И верно, Бяша лег, камушком повалился и не помнит, как заснул.
А утром примчался Максюта, весь в горестных чувствах. У его Степаниды, оказывается, уже и сваха есть. Максюта шептал отчаянно:
– Копать, копать! Давай, Бяша, копать!
– Да что нам будет от этого копанья-то?
– Как – что? Клад найдем, попа купим в Нижних Котлах, там, сказывают, они мздоимливы. Наймем первейших рысаков, сговорим Стешеньку и венчаемся увозом!
– Ты венчаешься, а я? Да и если она не согласится?
Максюта молчал, повесив буйную головушку.
– Давай уж по-другому, – сказал Бяша, которому до смерти было жаль друга. – Когда выкопаем, государю отпишем, так, мол, и так, посылаем тебе, надежа царь, выкопанные воровские сокровища, а ты нас, верных твоих слуг, вот тем-то и тем-то пожалуй…
– Подлинно так! – оживился Максюта. – Что значит образованный-то человек!

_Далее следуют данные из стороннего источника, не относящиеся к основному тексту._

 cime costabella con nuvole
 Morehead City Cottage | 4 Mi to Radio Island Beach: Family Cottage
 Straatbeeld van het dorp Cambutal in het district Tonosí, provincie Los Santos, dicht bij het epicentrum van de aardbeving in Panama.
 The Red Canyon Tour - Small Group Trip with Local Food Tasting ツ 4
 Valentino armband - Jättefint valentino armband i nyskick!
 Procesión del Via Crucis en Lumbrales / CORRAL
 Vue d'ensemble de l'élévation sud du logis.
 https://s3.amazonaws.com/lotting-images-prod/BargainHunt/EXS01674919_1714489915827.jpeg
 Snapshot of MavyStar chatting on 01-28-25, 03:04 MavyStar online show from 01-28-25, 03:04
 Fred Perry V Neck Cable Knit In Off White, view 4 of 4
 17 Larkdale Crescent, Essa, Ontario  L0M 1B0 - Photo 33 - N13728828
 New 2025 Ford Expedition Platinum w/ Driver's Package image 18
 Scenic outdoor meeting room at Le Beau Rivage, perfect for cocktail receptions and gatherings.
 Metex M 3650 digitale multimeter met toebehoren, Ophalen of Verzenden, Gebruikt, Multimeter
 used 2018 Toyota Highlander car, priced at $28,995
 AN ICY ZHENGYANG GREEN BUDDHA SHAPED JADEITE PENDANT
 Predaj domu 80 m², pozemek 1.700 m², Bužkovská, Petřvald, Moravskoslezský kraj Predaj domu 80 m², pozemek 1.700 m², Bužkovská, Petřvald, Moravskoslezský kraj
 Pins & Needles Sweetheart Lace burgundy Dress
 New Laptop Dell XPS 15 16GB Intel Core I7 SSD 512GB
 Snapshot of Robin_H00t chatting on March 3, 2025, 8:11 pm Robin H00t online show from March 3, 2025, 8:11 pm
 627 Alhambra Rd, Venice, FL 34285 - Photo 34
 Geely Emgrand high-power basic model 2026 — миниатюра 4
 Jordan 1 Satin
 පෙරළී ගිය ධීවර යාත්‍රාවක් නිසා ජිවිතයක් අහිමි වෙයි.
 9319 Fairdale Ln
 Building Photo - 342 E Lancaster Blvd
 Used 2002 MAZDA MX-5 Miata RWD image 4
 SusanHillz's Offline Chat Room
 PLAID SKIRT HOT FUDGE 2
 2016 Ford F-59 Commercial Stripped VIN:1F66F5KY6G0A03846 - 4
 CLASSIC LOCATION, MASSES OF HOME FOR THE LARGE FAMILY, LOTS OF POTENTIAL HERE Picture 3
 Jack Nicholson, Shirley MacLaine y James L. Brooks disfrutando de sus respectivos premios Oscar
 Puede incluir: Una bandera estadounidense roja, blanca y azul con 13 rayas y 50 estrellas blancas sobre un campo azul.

Остаток дня ушел на подготовку. Максюта принес завернутые в попону заступ и кирку. Хотя все это имелось и у Киприановых, но решили не трогать, дабы не возбуждать подозрений.
Вечером Бяша еле дождался, когда все лягут. Часы тянулись, словно мучительное наказание. Бяша вспоминал прошедшую ночь, иногда ему представлялось, что Устя вновь стоит во тьме на нижней ступеньке. Ох, лишь бы нынче она там не стояла!
Думая так, он поднялся, прислушиваясь к тишине, стал спускаться ощупью. Задел кадку с питьевой водой, ковшик упал, загремел.
– Бяша, аиньки? – сонным голосом спросила баба Марьяна. – Ты, что ли?
– Водицы испить, – ответил Бяша. – Заодно хочу калитку проверить, не забыли ли запереть.